How (5) are these resources organized? This involves a set of tools (paper based registers, and electronic databases) as well as concerned data entry staff or data manager at each level. Final summary statistics at provincial and national levels may be produced by a computer software as well. The historical decision to employ paper based tools at the health facilities had important implications. A time-sensitive interaction required is the emergency notification of outbreaks highly contagious diseases. Absence of digital data collection at point of care makes this interaction very slow and ineffective. Some provinces have adopted mobile-phone based to address this challenge.

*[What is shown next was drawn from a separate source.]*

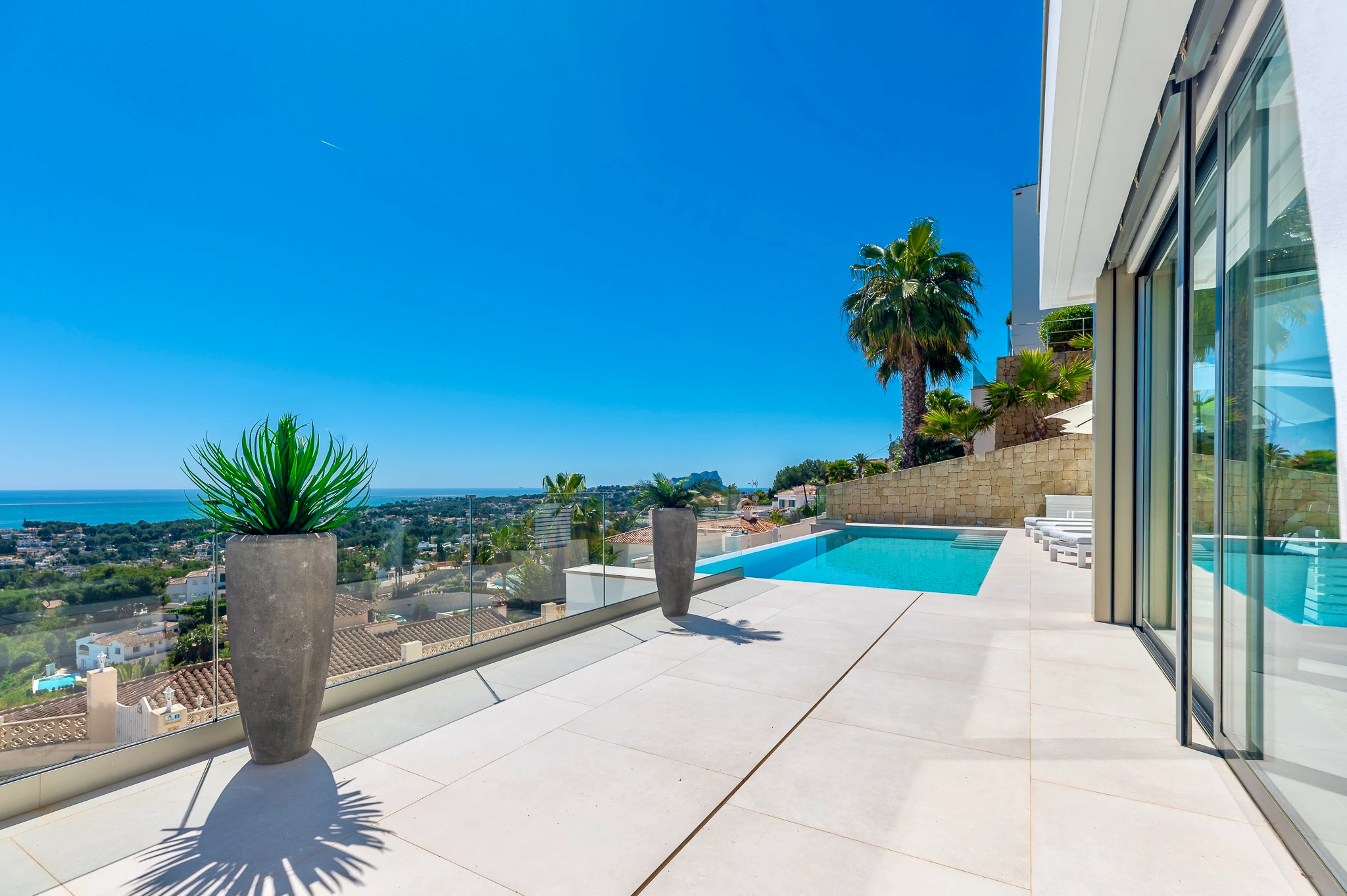 Excepcional Villa de Lujo en Moraira – Donde el Diseño, la Tecnología y las Vistas al Mar se Unen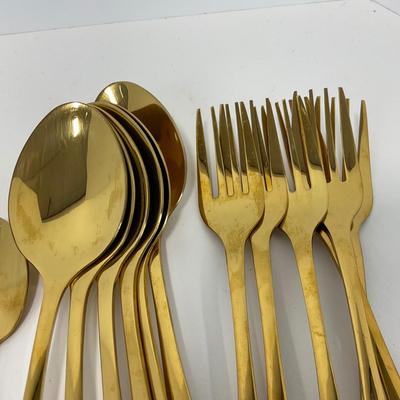 -220- KITCHEN | Mickey Mouse 23 Piece Gold Tone Silverware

Regarding location (5), the original paper-based record (resource description) of patients’ interactions with the health system is always stored at the concerned health facility, and only a monthly summary report is sent upwards. The collated reports are stored in paper form at district offices, entered into a software manually, and transmitted to provincial office in digital form.
An overarching challenge is the lack of interoperability (6) with other systems. Disease categories were defined by the government departments for this system but another weekly reporting system (DEWS) employed by World Health Organization classified diseases differently. Vertical disease control and community services funded by international agencies also created their own categorizations. None of these follow ICD scheme, and thus international comparability is even more challenging. This is a classic example of incompatibilities in abstraction and granularity (6) causing interoperability challenges.
A related issue is the non-use of data for policy and planning. One of the reasons for this could be that the presentation tier (7) of the system is poorly designed and does not afford easy interpretation and intelligent decision support.
Another challenge faced by DHIS is where it intersects other organizing systems (8). The human resource in health facilities was organized for service delivery and data collection for the essential services. As years progressed, new programs for Polio Eradication and Disease Early Warning System etc. were implemented by assigning these tasks to the same human resource. This overburdened the staff so much that completing data entry for all these systems was difficult, and the quality of data suffered greatly.
Solutions would therefore include either providing dedicate human resource for data collection or making the data collection highly efficient.
References
- National Integrated Feedback Report 2013. World Health Organization and DHIS Pakistan.
- Glushko RJ, McPherson K, Greenberg R, Perry R, Mayernik M, Freeman G, Lagoze C. (2016). Resource description and metadata. In Glushko RJ (Ed.), Discipline of Organizing Informatics Edition. O’Reilly Media.
- The National Action Plan for the Improvement of Health Information Systems in Pakistan. Japan International Cooperation Agency and Ministry of Health, Islamic Republic of Pakistan. Feb 2007.
- Online published reports of DHIS KP at: http://www.dhiskp.gov.pk/reports.php
- Glushko RJ. (2016). Design decisions in organizing systems. In Glushko RJ (Ed.), Discipline of Organizing Informatics Edition. O’Reilly Media.
- Glushko RJ, Annechino R, Hemerly J, Perry R, Wang L. (2016). Categorization: Describing resource classes and types. In Glushko RJ (Ed.), Discipline of Organizing Informatics Edition. O’Reilly Media.
- Glushko RJ. (2016). Foundations for organizing systems. In Glushko RJ (Ed.), Discipline of Organizing Informatics Edition. O’Reilly Media.
- Glushko RJ. (2016). The organizing system roadmap. In Glushko RJ (Ed.), Discipline of Organizing Informatics Edition. O’Reilly Media.